In the spirit of this notion of ecosystems within ecosystems, I am using Ada Limón’s beautiful personal essay told in vignettes, Shelter: A Love Letter to Trees (Scribd), in conversation with this month’s two poetry collections. Limón’s deep relationship to the trees, their beauty, wisdom, and fragile strength, is comforting in this time of seemingly endless loss — a time when we’re losing the trees themselves.

In the “The Coulter Pine,” she writes, “To talk about trees then is also to talk about each other, the ways we are attached to what is living and how much we want it to go on doing just that for as long as possible. It is never only trees, but what binds us together, the trees, the roots, the eternal part of us that is both the seed and the tree.”

*****

“When you write about the same death over and over again, people will start to resent you. You must tell them you are writing about trees.” – Ada Limón, “The Tree Farm”

Victoria Chang has been creatively abundant in her grief, which is a sacred ceremony unto itself. Processing her mother’s death led her to three books in three consecutive years, beginning with Obit in 2020, Dear Memory: Letters on Writing, Silence, and Grief in 2021, and now culminating with The Trees Witness Everything (Copper Canyon Press) last April. Chang is a master at experimenting with form, and The Trees Witness Everything is, per her author’s note, populated with variations on Japanese short poem forms, such as the katauta and choka, based on W.S. Merwin poem titles used as creative prompts.

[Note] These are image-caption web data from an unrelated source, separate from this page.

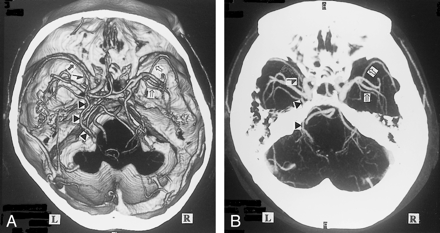fig 2.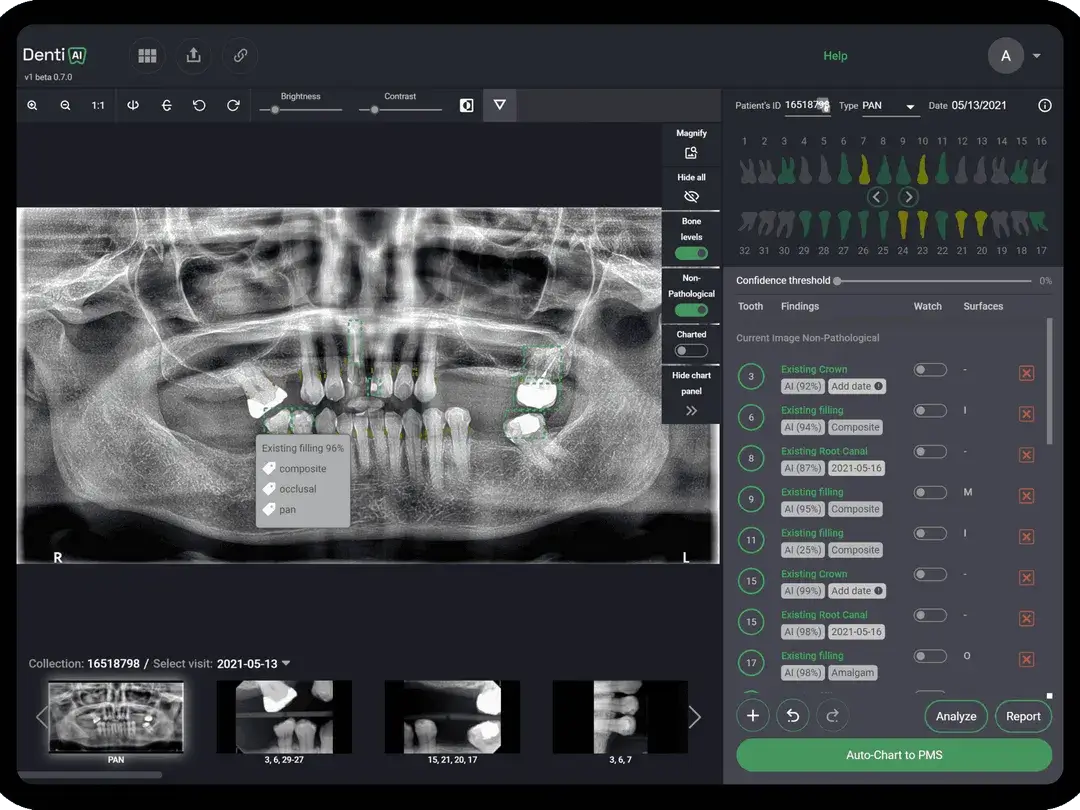 Denti.AI Screenshot
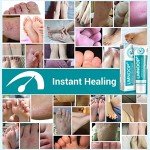 Maximum Strength Athlete's Foot Treatment Cream (2-Pack)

Each page contains around five poems, which creates a waterfall-like, cascade effect filled with images both surreal and ordinary. It is a kaleidoscopic outpouring of grief. The recurring image of the owl is particularly profound as many cultures around the world view that bird as a harbinger or symbol of death. And always, trees are present here — if not specified, then as faceless ghosts in the dark. In “The Shortest Night,” Chang writes:

“And when I looked up,
the sky had also turned black
and I had aged a
hundred more feet down the road.
The owl was on the
next tree with mirrors as eyes,
in case I wanted
to see my future. When I
looked, I lost another year.”

When a tree is named, it makes it even more piercing. In “White Morning,” she writes, “An oak tree must ache,/each year of desire in rings/or maybe nothing/hurts. Maybe all pain is joy.” That image of desire in the tree rings is devastating on so many levels; there is much we cannot fathom of the tree’s life. We do not know trees’ griefs and joys and desires, even as we project our own onto them, as Chang does throughout this collection. As Limón writes in “Fear of Trees”:

“I love the clear fact of trees. The stories of trees are all our own, but the tree has one that we cannot know.”

*****

“Dear trees of the world, let us be in pleasure together.” – Ada Limón, “Moon Trees”

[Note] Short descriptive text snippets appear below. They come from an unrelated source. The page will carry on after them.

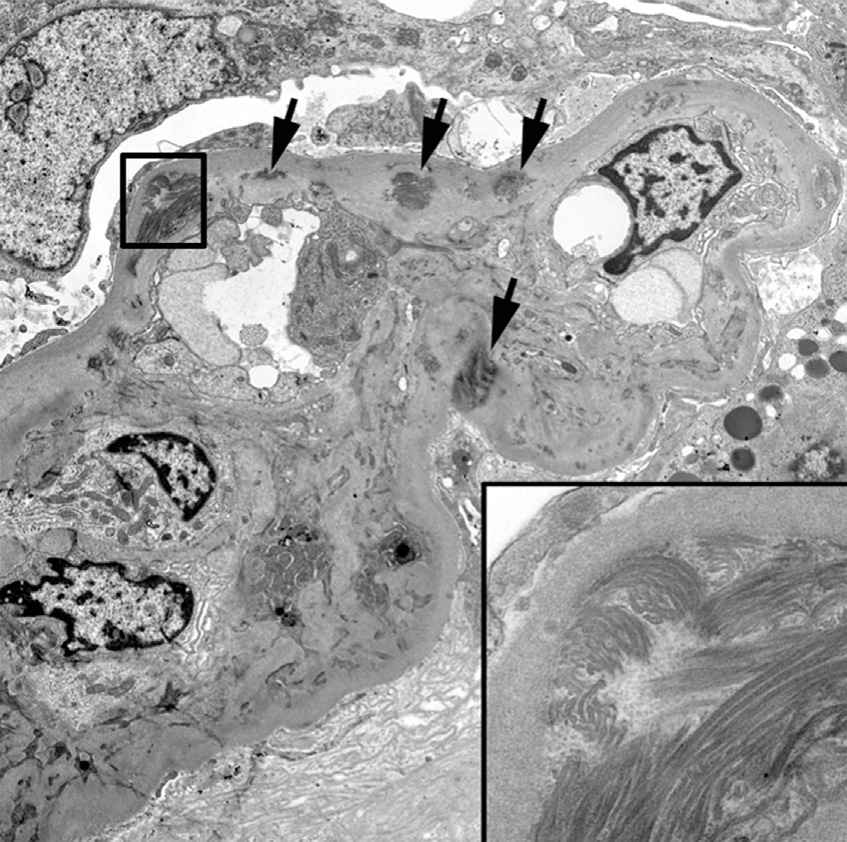 Electron microscopy of nail-patella-like renal disease (also know as LMX1B-associated nephropathy) with scattered deposition of fibrillar collagen in glomerular basement membranes and mesangial matrix (arrows); inset: magnified view of collagen fibrils, some of which have curved appearance.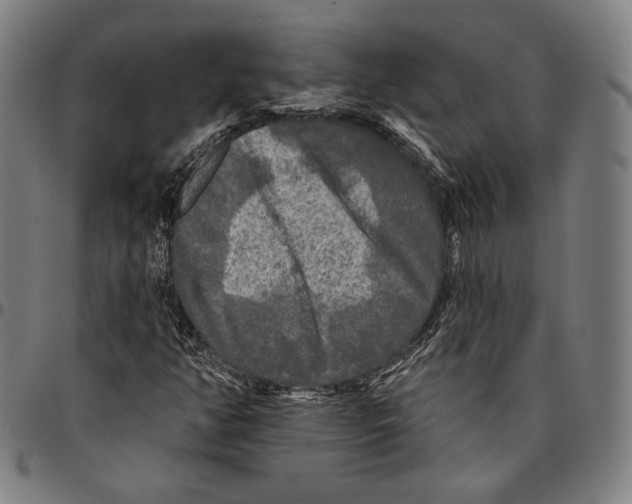 X0000095111350200801041151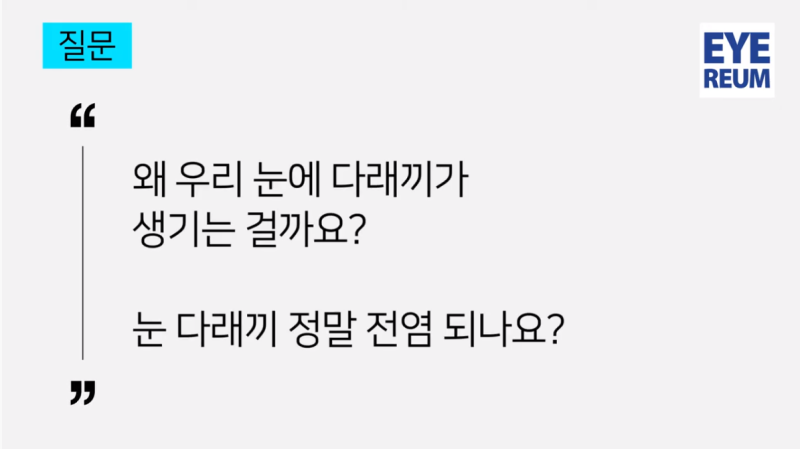 다래끼 전염된 사례가 있다?!
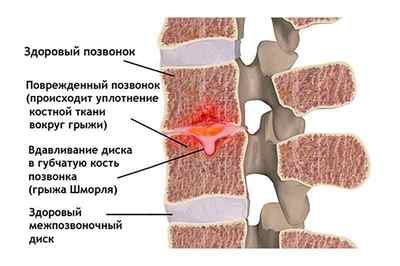 Відновлення міжхребцевих дисків: як відновити хребет, чи можна відновити без операції народними засобами | Ревматолог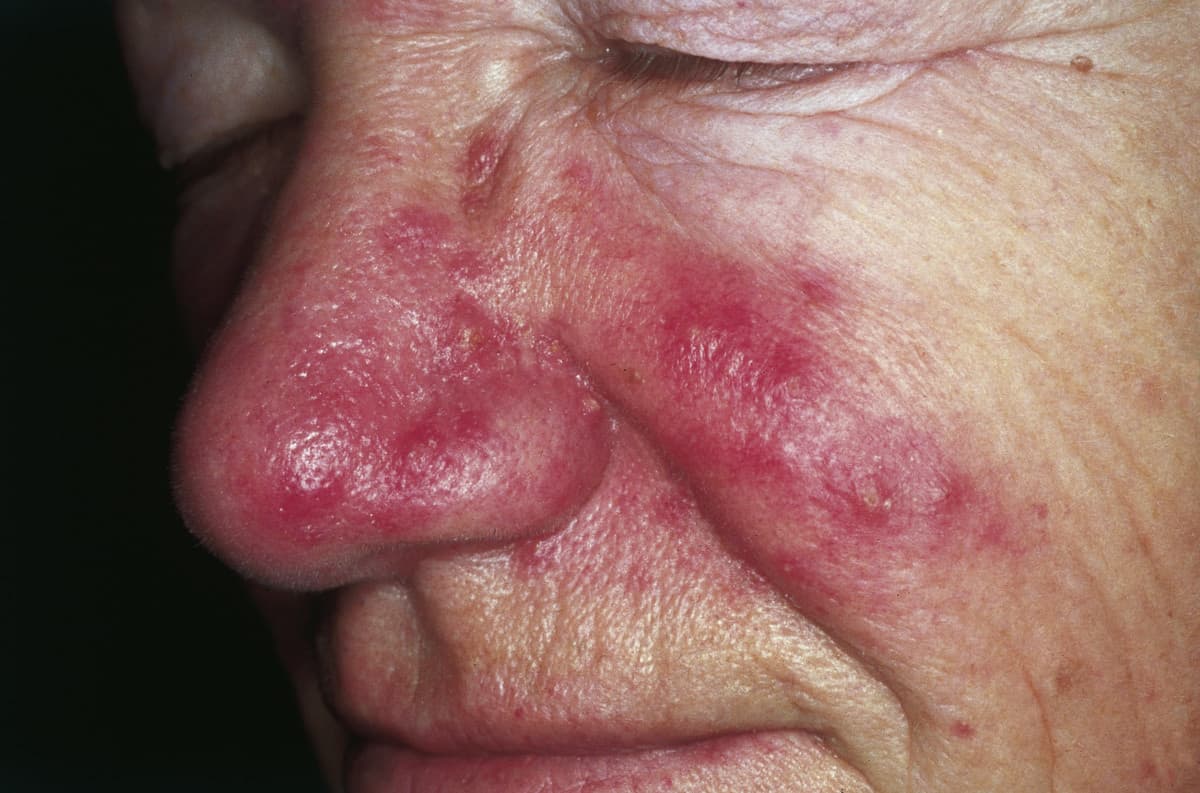 Rosacea kann in vier Subgruppen daherkommen.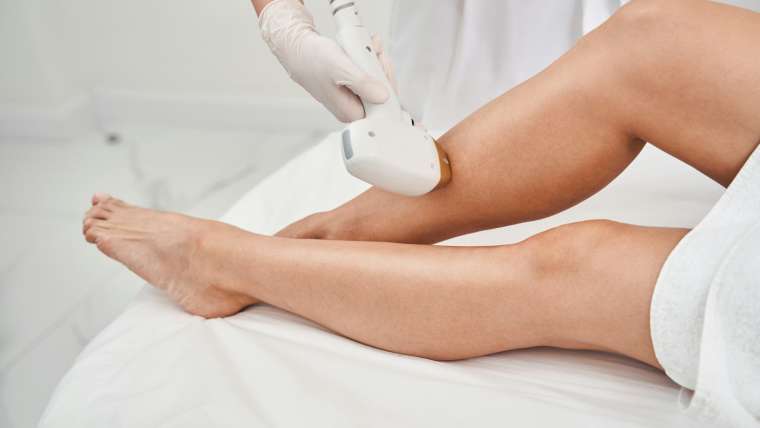 Laser Hair Removal
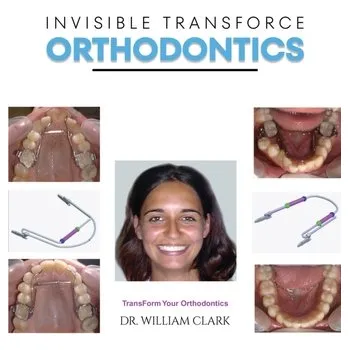 Invisible TransForce Orthodontics - Clark, William Roberts [EN] (2024, Taschenbuch, Austin Macauley Publishers)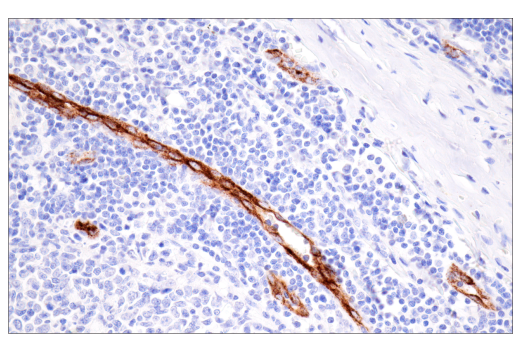 Immunohistochemistry Image 4: CD62P/P-Selectin (E8Q1W) XP<sup>®</sup> Rabbit mAb (BSA and Azide Free)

Lisbeth White’s debut poetry collection, American Sycamore (Perugia Press), holds an enchanting power with its exploration of Black/multiracial culture, ancestors, and the mythic wild around and within us — its movement from California to the Southwestern desert to Europe. It is a journey toward and from, a letting loose of identity formed without consent, and the grief of lost family, of the past, of the self. Woven throughout are trees, holding stories both personal and collective, the brutal fist of a nation bent on white violence and avoiding its racial reckoning.

The books’ title poem, “American Sycamore,” evokes the place where Black people were lynched. White writes:

“did they not remember
the smell
of our necks?

Nor the vibration
of our throats
humming
in the shade?”

In “Fear of Trees,” Limón also speaks to this violent history and the unknown grief of the unwilling accomplices to these murders: “There are hanging trees throughout this country, but it’s not the fault of the trees. Though I do wonder, and sometimes worry, what they may remember.”

White attaches a yearning to the trees in poems like “Swamp Cypress.” The speaker’s story of a father and son fishing turns into a yearning for this land to accept them regardless of how their ancestors arrived, to transform into the land itself, to transcend the grief of racial oppression:

“my bones set free might/be cypress trees/trunks folded & roots/kneeing up pillars/to make a sudden temple.”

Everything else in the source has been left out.